Yes, better, thank you.
Working my way towards the perfect linctus cocktail, and I haven’t seen
any of my meals over the last 48 hours more than once. It’s been suggested I have something called
‘man flu’, which I must admit I’d never heard of, but it sounds pretty butch, something
to drop into a macho pub conversation alongside par five birdies and twin
turbos.
Anyway, it does free up even more time for reading, which
is how I’ve just finished, at a single interrupted three day sitting, ‘Black
Swan Green’, by David Mitchell. This is
one of those novels that enfolds you in a world that’s always been there
waiting for you, new and surprising even though you’ve known it for years; and
then, when it ends, leaves you there, looking for the way out. In this case, the world of a bullied thirteen
year old boy, suffering from an affliction in a small community, and how he
deals with it. Well, I’ve been
there.
I suppose I was a sickly child. Certainly I had a few serious babyhood
ailments, like whooping cough, and I was always getting colds. So was everyone, of course, but mine were somehow
given credibility by my chilblains. A
cold and an outbreak of chilblains, in the winter, would suffice to get me off
CCF drill days; I’m not sure what I used in the summer. Stomach aches, probably. Of course, whilst adults – parents, teachers
– were easily fooled by these tactics, my peers saw through it, so I was, for a
year or more, setting myself up as a natural victim, allowing this blanket of
identity to be woven and wrapped round me by other people.
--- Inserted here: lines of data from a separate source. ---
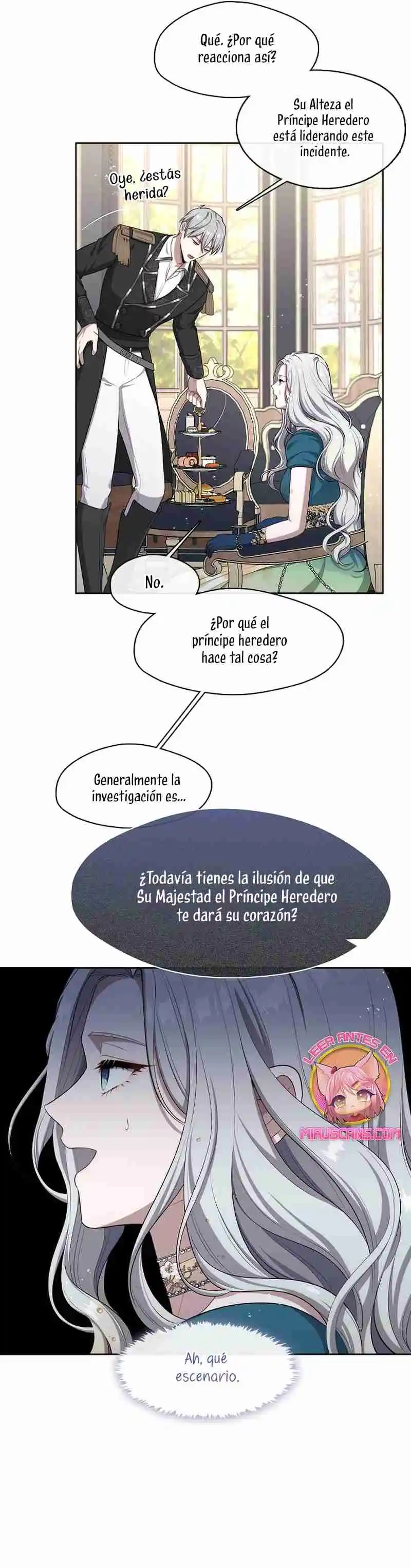 La Cazadora De Clase S No Quiere Convertirse En Una Princesa Villana - Capítulo 2 - Página 27 - LectorTMOo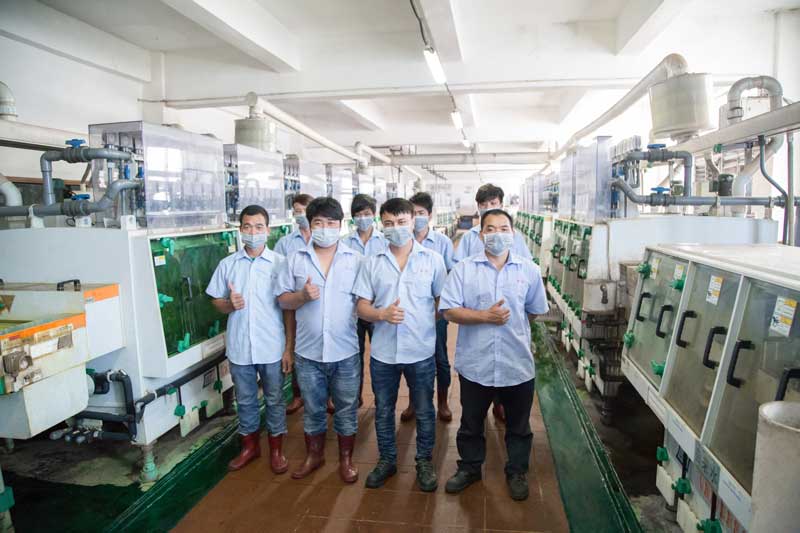 不銹鋼蝕刻生產(chǎn)線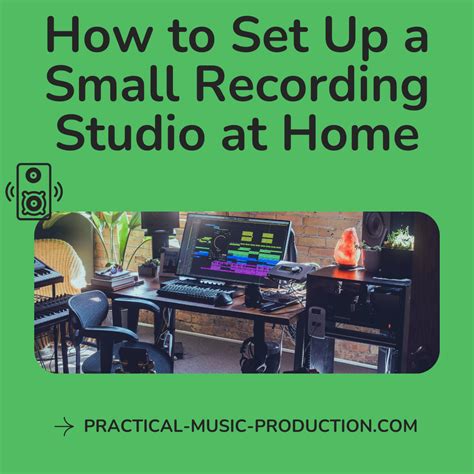 How To Set Up Home Recording Studio HOW TO CONNECT A HOME STUDIO LIKE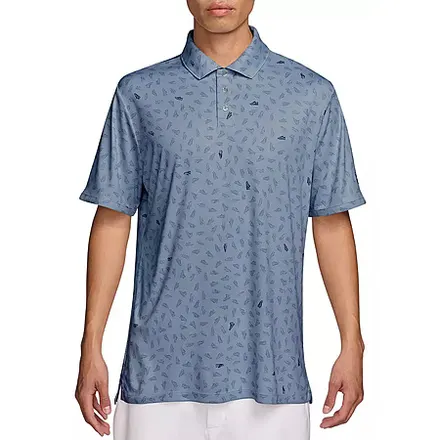 Nike Men's Par Dri-FIT Golf Polo Shirt (Work Blue)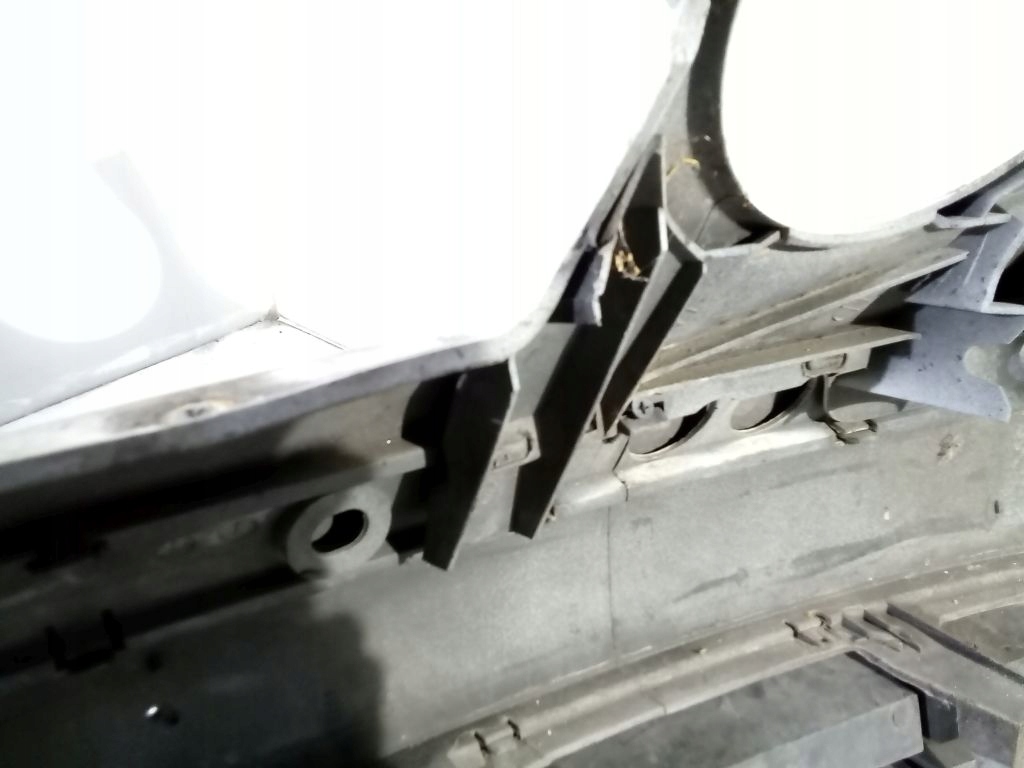 VW Polo 9N bumper front front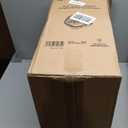 24 Ft Round Heavy Duty Winter Pool Cover,for 21ft Above Ground Pool,Cold and UV Resistant, Weatherproof and Durable, Winch & Cable Included (Blue/Black,Cover Diameter 24')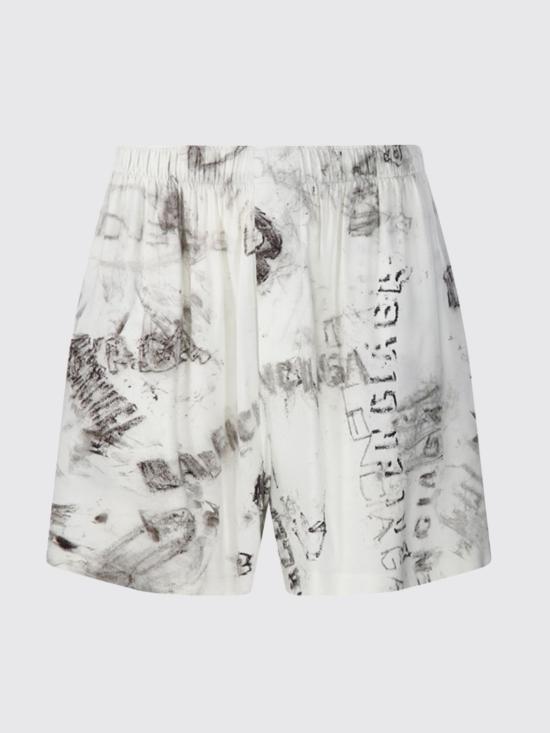26SS 발렌시아가 숏팬츠 850715TTL78 1240 Grey - BALENCIAGA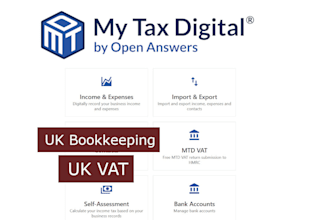 do uk bookkeeping on mytaxdigital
You don’t realise this sort of thing is
happening, until something jolts you into suddenly feeling the weight of the
blanket. I clearly remember being ordered
by a master, with an expression of disgust, to go and wash my hands; a nudge
from the boy next to me (“Tell him!”);
and explaining that I wasn’t allowed to.
And the strange feeling of empowerment the teacher’s embarrassed apology
gave me.
Lonnie Donegan rescued me. Learning to play the guitar cured the
chilblains; performing in a skiffle group, which you can’t do under a blanket, took
care of the rest. (Except the colds.)